8:54 AM PDT: A networking event early this morning triggered a large amount of re-mirroring of EBS volumes in US-EAST-1. This re-mirroring created a shortage of capacity in one of the US-EAST-1 Availability Zones, which impacted new EBS volume creation as well as the pace with which we could re-mirror and recover affected EBS volumes. Additionally, one of our internal control planes for EBS has become inundated such that it’s difficult to create new EBS volumes and EBS backed instances. -- from Amazon AWS Dashboard
News sites like eWeek, InformationWeek and CNN picked up the issue quickly. GigaOm discussed the situation for the equally vulnerable PaaS providers (Heroku, EngineYard and DotCloud) that leverage EC2.
Today, April 21 at 1:41 AM PDT Amazons AWS status page reported: "We are currently investigating latency and error rates with EBS volumes and connectivity issues reaching EC2 instances in the US-EAST-1 region.". This issue has not been fully resolved until now (1:48 PM PDT).
Besides the really good timing with the announced SkyNet attack from the Terminator Movies that was scheduled April 21, 2011 and helpful hints to Amazon engineers on twitter, there have been some thorough responses on the unexpected outage.
@scottmcnealyI said the Network is the Computer, I did not say it had 100% uptime.
@torrenegra: Today is Terminator's Judgment Day (4/21/2011).

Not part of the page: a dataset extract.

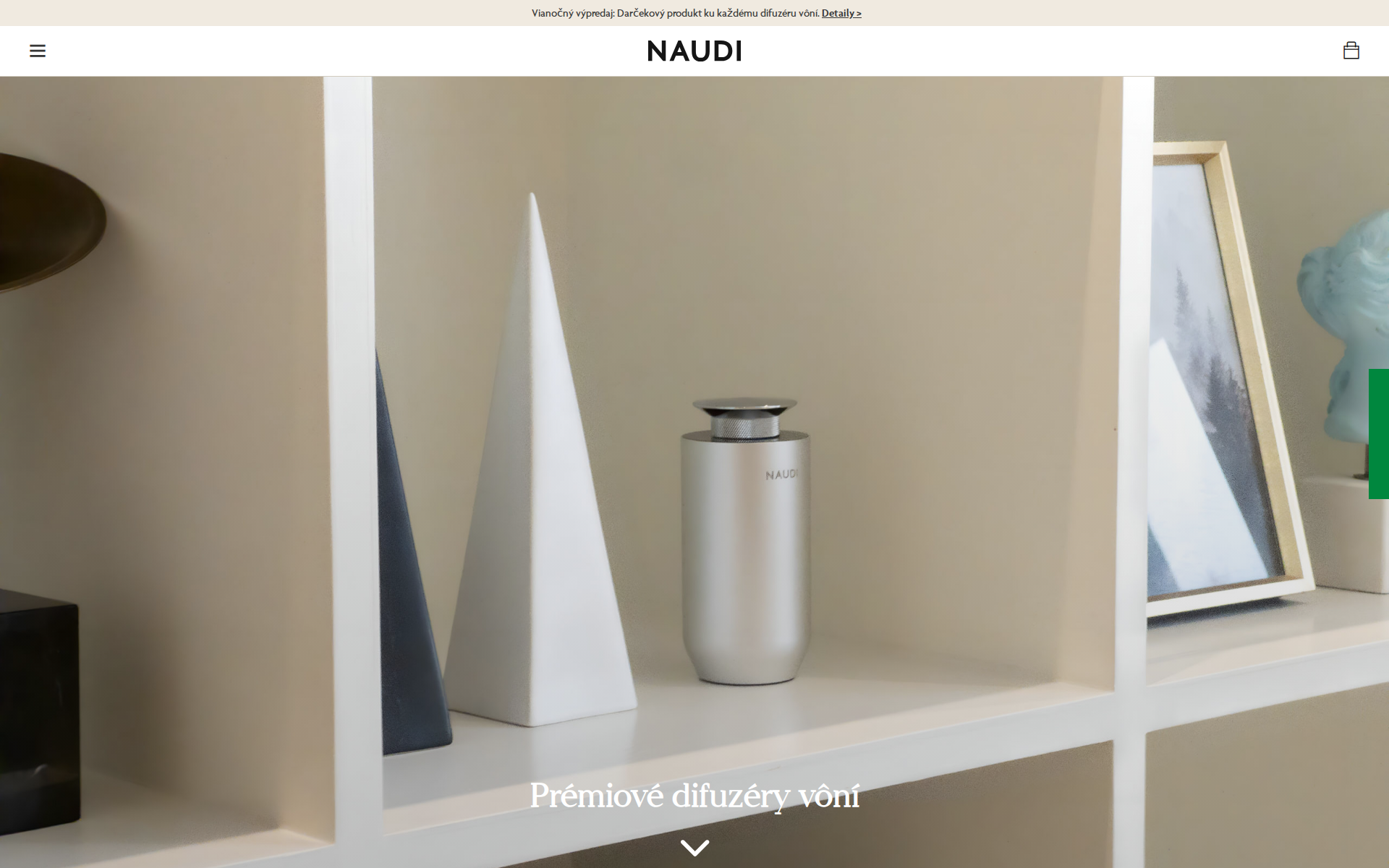 Náhľad webu naudi.sk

Skynet was supposed to kill us all. Fortunately for us Skynet runs on Amazon EC2.
@Nicolethebear: Dear Amazon EC2 - have you tried turning it on & off again?
Usually the different Availability Zones with in one EC2 Region are not affected by each other as they are physically separated data-centers with optimized connections to ensure low latency. So architecting systems to span multiple AZ should provide enough risk management to compensate the outage of one or more of those zones. So the availability guarantees of those zones were questioned by several sources. PCWorld discusses that with Gartner analyst Drue Reeves and Reuven Cohen, founder and CTO of Enomaly. Competing cloud provider DotCloud which also relies on Amazon EC2 reports their experience with the failure and points out technical issues with disaster recovery.

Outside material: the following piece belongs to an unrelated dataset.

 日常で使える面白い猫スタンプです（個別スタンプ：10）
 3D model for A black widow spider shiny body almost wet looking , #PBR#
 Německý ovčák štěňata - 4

Netflix engineers are quoted in a Hacker News thread with having few issues with this problem by spanning multiple Availability Zones ("Netflix is deployed in three zones, sized to lose one and keep going. Cheaper than cost of being down.")

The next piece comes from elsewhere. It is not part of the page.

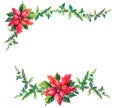 Watercolor poinsettia, green twig on a white background. Christmas star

Keith from backdrift.org gives some simple and effective advice on how to cope with such downtimes. For instance using configuration management systems for image setup and updates (e.g. puppet), synchronizing your cloud based data and securing your DNS configuration. A post by Clay Loveless details that further.
For getting early status updates about AWS issues, following @ylastic was recommended by Eric Hammond (Alestic) who describes how to get affected servers back online.
In the aftermath of todays event there will be many questions about the reliability of cloud based applications, the necessary architectural precautions and risk management to be answered. Not just by Amazon but by other cloud providers like VMware's cloudfoundry or Google App Engine. Another topic will be SLA's given by cloud providers - Amazon’s SLA for EC2 is 99.95% for multi-AZ deployments for external connectivity. Neither EBS nor RDS have SLAs.